Data shown START

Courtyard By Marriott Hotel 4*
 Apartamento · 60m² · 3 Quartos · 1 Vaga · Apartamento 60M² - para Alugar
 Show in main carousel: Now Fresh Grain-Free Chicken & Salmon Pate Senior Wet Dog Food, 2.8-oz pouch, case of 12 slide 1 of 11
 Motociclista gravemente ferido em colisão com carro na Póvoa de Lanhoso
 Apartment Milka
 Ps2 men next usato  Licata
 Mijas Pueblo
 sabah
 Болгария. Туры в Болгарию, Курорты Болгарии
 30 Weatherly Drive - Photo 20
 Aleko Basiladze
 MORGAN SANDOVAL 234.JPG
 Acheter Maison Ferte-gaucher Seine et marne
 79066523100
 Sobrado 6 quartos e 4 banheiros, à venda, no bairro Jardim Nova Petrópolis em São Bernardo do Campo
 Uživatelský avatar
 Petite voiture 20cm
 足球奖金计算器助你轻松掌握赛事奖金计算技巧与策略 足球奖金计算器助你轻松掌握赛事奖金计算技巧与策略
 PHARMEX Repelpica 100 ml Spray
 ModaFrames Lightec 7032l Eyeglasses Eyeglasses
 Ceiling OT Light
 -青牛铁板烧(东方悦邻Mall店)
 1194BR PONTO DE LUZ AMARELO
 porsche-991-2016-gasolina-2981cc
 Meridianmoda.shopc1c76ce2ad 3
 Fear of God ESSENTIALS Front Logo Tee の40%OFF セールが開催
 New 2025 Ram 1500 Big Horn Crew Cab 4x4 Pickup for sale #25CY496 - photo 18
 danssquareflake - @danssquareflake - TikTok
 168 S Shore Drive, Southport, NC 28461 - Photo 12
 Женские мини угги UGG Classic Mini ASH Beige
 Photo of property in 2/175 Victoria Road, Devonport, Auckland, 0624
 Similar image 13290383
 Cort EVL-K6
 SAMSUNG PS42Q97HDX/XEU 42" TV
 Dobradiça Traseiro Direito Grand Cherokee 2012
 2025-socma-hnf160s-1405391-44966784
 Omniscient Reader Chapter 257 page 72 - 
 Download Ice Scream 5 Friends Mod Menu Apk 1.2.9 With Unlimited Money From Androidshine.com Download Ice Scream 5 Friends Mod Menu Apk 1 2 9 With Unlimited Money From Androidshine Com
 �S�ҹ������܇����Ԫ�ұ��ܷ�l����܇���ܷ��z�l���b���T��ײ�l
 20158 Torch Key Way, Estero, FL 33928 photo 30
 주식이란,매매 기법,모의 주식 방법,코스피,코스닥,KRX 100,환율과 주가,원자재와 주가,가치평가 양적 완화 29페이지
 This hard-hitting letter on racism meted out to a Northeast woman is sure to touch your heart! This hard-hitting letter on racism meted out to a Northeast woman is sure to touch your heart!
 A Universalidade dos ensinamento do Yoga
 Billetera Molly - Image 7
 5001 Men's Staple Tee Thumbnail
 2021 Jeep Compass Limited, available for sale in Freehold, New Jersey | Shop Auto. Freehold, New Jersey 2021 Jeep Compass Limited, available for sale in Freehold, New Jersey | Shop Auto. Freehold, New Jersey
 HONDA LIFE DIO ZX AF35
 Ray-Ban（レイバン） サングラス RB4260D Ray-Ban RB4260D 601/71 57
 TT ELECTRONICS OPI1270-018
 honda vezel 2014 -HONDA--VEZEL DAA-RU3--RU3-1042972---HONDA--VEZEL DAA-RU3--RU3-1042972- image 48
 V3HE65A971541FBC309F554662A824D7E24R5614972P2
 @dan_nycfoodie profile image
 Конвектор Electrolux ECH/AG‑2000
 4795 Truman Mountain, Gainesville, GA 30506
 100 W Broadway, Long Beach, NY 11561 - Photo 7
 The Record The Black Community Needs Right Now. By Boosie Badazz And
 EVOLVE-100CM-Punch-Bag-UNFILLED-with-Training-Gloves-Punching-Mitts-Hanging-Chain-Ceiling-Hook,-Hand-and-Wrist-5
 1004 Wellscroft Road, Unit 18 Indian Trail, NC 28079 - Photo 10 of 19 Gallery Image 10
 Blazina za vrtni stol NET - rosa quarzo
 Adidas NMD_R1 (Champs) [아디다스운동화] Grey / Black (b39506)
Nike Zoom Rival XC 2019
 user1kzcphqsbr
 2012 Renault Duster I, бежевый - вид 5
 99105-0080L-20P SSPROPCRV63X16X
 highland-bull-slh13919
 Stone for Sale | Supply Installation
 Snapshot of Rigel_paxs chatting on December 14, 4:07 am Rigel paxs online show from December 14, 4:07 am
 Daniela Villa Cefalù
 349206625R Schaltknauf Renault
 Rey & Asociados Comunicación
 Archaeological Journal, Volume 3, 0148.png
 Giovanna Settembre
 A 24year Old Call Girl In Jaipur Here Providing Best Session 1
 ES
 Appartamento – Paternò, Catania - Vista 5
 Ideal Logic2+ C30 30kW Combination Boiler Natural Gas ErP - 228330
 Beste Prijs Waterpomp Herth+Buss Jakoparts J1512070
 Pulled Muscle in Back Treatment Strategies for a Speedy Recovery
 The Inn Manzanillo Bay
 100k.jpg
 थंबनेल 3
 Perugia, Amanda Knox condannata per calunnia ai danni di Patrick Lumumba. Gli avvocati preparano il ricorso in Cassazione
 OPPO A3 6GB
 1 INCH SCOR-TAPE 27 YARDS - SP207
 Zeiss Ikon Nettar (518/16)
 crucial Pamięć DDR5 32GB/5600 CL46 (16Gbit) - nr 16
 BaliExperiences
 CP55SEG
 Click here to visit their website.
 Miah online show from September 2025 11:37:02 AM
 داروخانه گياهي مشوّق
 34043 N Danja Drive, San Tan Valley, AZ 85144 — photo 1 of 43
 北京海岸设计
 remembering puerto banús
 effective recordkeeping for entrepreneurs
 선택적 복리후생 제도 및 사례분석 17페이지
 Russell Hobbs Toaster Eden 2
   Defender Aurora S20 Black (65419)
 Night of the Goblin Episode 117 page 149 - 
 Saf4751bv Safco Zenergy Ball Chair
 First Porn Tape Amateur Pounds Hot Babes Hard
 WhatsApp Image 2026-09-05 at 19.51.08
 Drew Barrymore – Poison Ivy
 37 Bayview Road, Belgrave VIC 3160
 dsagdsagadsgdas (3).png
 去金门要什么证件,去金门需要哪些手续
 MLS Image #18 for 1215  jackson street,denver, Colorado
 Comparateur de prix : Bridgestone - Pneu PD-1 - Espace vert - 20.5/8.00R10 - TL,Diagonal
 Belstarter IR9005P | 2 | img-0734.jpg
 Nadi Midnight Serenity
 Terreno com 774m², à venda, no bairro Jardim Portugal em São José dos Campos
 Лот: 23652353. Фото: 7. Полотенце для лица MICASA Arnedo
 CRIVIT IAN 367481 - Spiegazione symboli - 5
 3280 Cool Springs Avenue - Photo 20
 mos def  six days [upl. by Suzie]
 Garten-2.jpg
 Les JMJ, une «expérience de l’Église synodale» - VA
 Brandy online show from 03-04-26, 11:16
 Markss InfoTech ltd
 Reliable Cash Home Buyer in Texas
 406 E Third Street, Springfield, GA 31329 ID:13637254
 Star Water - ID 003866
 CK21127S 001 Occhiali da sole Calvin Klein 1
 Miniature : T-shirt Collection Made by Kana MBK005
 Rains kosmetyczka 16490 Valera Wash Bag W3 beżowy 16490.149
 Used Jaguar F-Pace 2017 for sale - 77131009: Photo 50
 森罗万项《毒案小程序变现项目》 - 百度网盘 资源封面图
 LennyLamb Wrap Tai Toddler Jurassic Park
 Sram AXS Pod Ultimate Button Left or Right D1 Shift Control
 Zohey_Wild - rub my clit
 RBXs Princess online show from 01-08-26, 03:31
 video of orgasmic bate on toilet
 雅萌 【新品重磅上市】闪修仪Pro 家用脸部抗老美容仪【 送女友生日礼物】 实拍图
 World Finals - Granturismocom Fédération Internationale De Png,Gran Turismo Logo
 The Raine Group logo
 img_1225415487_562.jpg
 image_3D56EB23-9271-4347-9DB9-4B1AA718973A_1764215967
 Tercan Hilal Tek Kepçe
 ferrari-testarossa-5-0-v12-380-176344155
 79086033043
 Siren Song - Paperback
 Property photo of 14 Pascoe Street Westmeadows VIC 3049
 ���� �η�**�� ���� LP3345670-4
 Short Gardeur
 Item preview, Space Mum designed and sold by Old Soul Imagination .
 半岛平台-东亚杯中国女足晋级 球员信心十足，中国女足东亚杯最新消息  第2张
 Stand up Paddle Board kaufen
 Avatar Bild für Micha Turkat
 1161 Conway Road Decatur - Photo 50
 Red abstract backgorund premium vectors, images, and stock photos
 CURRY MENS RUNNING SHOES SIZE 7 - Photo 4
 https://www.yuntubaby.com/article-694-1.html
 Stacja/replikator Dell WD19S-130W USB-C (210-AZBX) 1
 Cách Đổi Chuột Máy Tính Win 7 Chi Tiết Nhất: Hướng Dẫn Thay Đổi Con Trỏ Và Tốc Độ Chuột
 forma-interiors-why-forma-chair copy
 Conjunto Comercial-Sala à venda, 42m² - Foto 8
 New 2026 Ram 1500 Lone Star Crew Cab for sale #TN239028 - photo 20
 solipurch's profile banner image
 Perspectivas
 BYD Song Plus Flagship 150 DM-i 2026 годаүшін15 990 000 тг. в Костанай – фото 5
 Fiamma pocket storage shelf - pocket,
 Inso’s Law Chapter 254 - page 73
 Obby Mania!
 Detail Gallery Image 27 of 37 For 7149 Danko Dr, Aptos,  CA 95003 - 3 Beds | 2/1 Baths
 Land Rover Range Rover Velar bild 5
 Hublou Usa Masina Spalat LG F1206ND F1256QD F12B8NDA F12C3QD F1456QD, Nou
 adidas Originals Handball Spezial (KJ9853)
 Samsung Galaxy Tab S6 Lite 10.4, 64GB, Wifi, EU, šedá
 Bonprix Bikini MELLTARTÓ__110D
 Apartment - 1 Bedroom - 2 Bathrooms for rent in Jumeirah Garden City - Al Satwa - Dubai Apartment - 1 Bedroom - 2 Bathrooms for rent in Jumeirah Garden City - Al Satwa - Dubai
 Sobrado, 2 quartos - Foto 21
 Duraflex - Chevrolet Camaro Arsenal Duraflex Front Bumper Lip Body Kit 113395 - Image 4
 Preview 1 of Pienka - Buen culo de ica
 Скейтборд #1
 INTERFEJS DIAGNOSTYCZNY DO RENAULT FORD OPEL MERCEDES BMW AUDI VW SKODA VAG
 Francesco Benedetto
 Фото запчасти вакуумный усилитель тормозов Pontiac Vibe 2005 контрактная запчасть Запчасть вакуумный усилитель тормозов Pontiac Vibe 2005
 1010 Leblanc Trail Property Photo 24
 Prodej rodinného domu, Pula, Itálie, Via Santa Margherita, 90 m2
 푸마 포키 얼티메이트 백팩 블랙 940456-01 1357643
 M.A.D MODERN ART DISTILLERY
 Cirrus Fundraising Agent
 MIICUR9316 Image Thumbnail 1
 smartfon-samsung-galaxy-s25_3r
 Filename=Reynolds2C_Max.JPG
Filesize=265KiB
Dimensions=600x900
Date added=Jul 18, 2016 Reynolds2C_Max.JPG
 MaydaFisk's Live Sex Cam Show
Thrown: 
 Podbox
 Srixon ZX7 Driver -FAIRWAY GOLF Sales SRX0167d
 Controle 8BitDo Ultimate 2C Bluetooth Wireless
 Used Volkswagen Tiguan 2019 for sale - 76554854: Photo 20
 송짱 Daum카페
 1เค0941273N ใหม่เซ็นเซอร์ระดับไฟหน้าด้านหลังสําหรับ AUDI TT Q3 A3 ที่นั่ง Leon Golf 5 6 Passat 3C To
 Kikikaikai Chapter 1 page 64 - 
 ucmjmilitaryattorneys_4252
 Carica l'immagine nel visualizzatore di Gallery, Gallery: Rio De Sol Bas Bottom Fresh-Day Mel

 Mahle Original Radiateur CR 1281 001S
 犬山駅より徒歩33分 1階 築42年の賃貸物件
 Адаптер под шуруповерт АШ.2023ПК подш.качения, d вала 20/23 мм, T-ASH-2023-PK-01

Data shown END

* **Task goal**
Only lines with the word "HONDA" are wanted. Find and copy them from the records above.

* **Your response**
 HONDA LIFE DIO ZX AF35
 honda vezel 2014 -HONDA--VEZEL DAA-RU3--RU3-1042972---HONDA--VEZEL DAA-RU3--RU3-1042972- image 48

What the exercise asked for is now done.